▶ **INSTRUCTIONS TO FOLLOW**
Every line in the records below between the one holding "Cedar Park Rainforest" and the one holding "Copiapoa Tenuissima best", inclusive, is to be set down exactly; all other lines are to be left out.

▶ **LISTED RECORDS**
________

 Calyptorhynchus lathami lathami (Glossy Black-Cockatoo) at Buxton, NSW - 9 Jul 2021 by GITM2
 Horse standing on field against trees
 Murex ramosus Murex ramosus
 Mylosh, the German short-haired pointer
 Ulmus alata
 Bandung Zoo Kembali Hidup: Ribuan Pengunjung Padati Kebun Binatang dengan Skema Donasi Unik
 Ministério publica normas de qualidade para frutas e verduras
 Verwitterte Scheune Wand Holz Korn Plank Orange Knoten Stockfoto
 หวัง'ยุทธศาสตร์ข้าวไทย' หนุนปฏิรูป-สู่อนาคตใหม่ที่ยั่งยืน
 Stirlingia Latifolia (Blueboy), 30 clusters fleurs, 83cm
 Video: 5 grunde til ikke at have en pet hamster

________

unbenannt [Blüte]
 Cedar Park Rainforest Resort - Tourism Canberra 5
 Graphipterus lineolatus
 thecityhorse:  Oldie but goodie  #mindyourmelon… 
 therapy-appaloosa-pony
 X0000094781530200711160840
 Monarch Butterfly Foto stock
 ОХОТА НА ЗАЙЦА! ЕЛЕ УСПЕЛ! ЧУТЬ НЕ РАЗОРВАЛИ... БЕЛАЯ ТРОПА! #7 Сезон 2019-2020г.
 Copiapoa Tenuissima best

________

▶ **SOLUTION**
 Cedar Park Rainforest Resort - Tourism Canberra 5
 Graphipterus lineolatus
 thecityhorse:  Oldie but goodie  #mindyourmelon… 
 therapy-appaloosa-pony
 X0000094781530200711160840
 Monarch Butterfly Foto stock
 ОХОТА НА ЗАЙЦА! ЕЛЕ УСПЕЛ! ЧУТЬ НЕ РАЗОРВАЛИ... БЕЛАЯ ТРОПА! #7 Сезон 2019-2020г.
 Copiapoa Tenuissima best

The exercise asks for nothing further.